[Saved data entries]
........

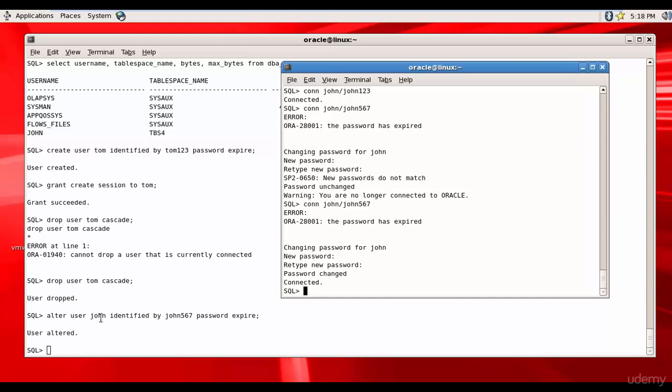Whenever the user asks you to reset the password, you can use ALTER USER username IDENTIFIED BY the new password, and then set the password to expire so that the user whoever is logging in can reset his password as soon as he logs in next time.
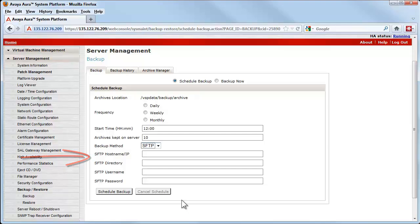The option called Archives Kept on Server defaults to 10. I will talk about that again in a few minutes.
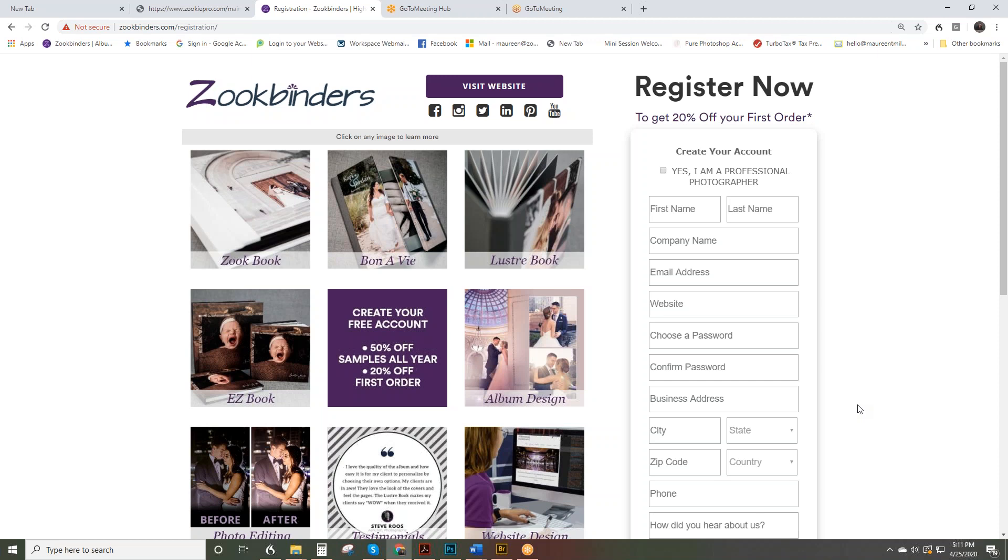And not only do you have access to our ordering system to order albums, you'll have pricing. There's a pricing calculator in there for you. You have access to our team who can answer questions about album sales, and again the ordering system where you can see your orders, update them, etc. So we very much look forward to working with you and go ahead and register today to get that 20% off your first order.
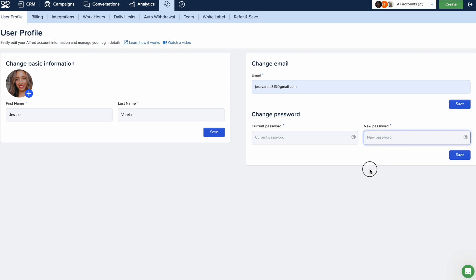You can also change your login method altogether from Microsoft or Google to the manual method. Simply set up a password first, then you'll be able to switch your login method.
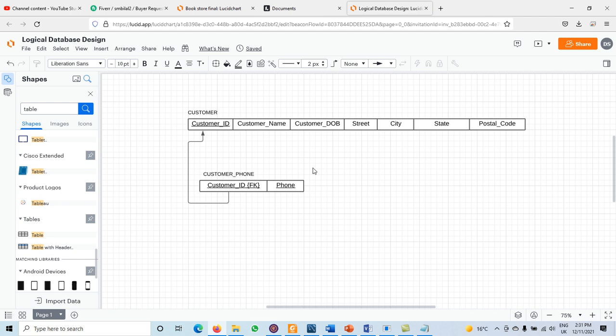This is how we transform a regular entity type with simple, composite, and multi-value attributes into relations. In the next video, we will write SQL queries using the CREATE TABLE statement to create the Customer table and the Customer Phone table, mentioning all attributes and their data types. We will also discuss how to transform weak entity types into relations.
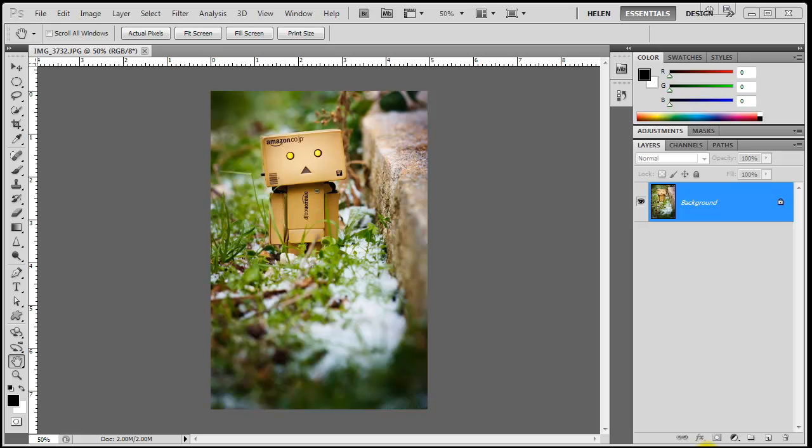Hello everybody, this is Helen Saturiadis with a quick tip for Photoshop. Sometimes you want to change the look of an image, but you're not sure if you might change your mind later on.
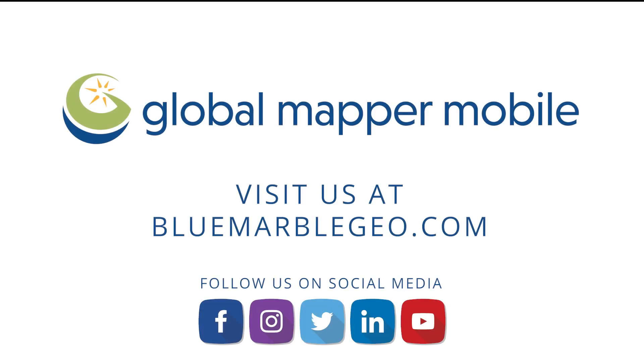To learn more about the new RTK support in Global Mapper Mobile Pro, read the blog on this topic available at bluemarblegeo.com and download the app for free from the iOS App Store or the Google Play Store.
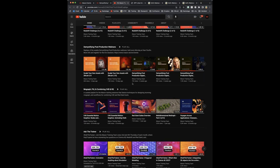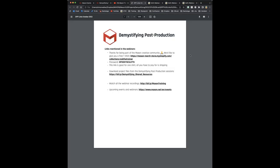Hi to everyone in the chat. Don't forget the free T-shirts — the PDF is in the handout section of the GoToWebinar. Also, Ian has been uploading project files to the shared resource location, so please download those from there as well.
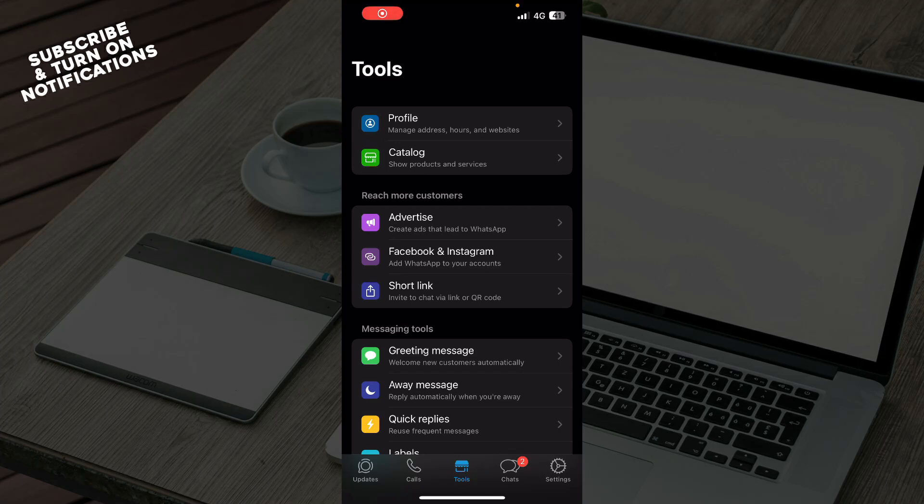Hello guys, and welcome back to this channel, where today I'll be showing you how to add contacts to WhatsApp Business.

........

What is expected:
Output should consist of the lines above from the one with "This is how" down to the one with "Hello everybody, this", exact and without pictures.

Response area:
This is how we transform a regular entity type with simple, composite, and multi-value attributes into relations. In the next video, we will write SQL queries using the CREATE TABLE statement to create the Customer table and the Customer Phone table, mentioning all attributes and their data types. We will also discuss how to transform weak entity types into relations.
Hello everybody, this is Helen Saturiadis with a quick tip for Photoshop. Sometimes you want to change the look of an image, but you're not sure if you might change your mind later on.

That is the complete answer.